There were also the games you played at school - no equipment needed, well except a big playground. Anyone remember British Bulldog?
One person was "it" and everyone else had to run from one end of the playground to the other. If the "it" person touched you, you were it as well. The first 3 "it" people could run around, but after that if you were "it" you had to stay where you were and try to tag people from there.
The last runner left "alive" was the winner. And they were then the first "it" person of the next game.
> "You don't stop playing because you get old. You get old because you stop
> playing."
Too true - and long may I play...
Yes played these and spot against the wall of the toilets and spinning the roundabout as fast as possible and seeing who could walk the straightest. What about the old witches hats and chessecutters - whatever happened to them ? such fun ..
Damn right.
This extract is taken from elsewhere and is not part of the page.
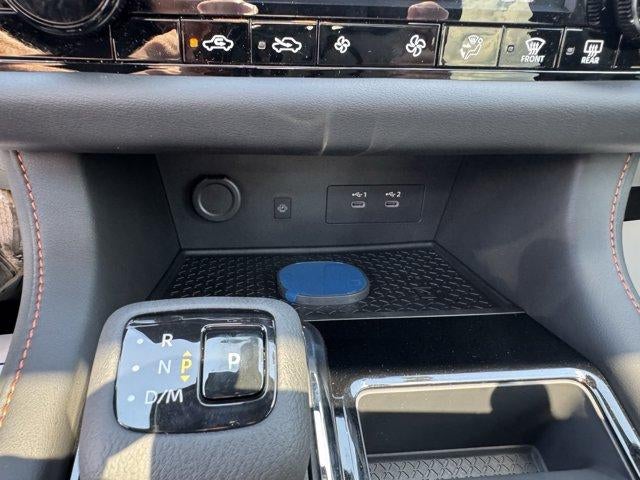 2026 Nissan Pathfinder Rock Creek 4WD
Not sure who said it but they definately had the right idea!
Does anyone else remember these from when they were a kid:
Being on the swings, going as fast as possible and having a competiton to see who could flick their shoe off their foot the furthest.
Or the classic that everyone did, jumping off the swings the furthest.
The monkey bars were a classic as well.
Last year we had a party for one of our girls in the garden and hired a bouncy castle, as soon as the kids had gone we were on it and in the evening we had a barbie with the family around and all us adults had a great time.
By the way, you can get adult sized space hoppers now - ive seen them advertised in a few places (firebox.com £15.95) - treat yourself - you know you want to...
"Adult playgrounds."
With massive ball-ponds, rope swings over precipes, those bizarre swings with rubber disc seats you can fly in an arc on, before letting go and hurtling through the air to land on woodchips.
And massive slides.
This would be fantastic.
I remember doing all that stuff, and there's a chain of stores in Canada that are basically warehouse sized buildings (on those industrial shopping lots) that are playgrounds for kids.
You paid $20 and the staff would look after your kids as they raced around MASSIVE hamster-maze like plastic pipings that covered half the building.
Do that for adults, you'd make a fortune.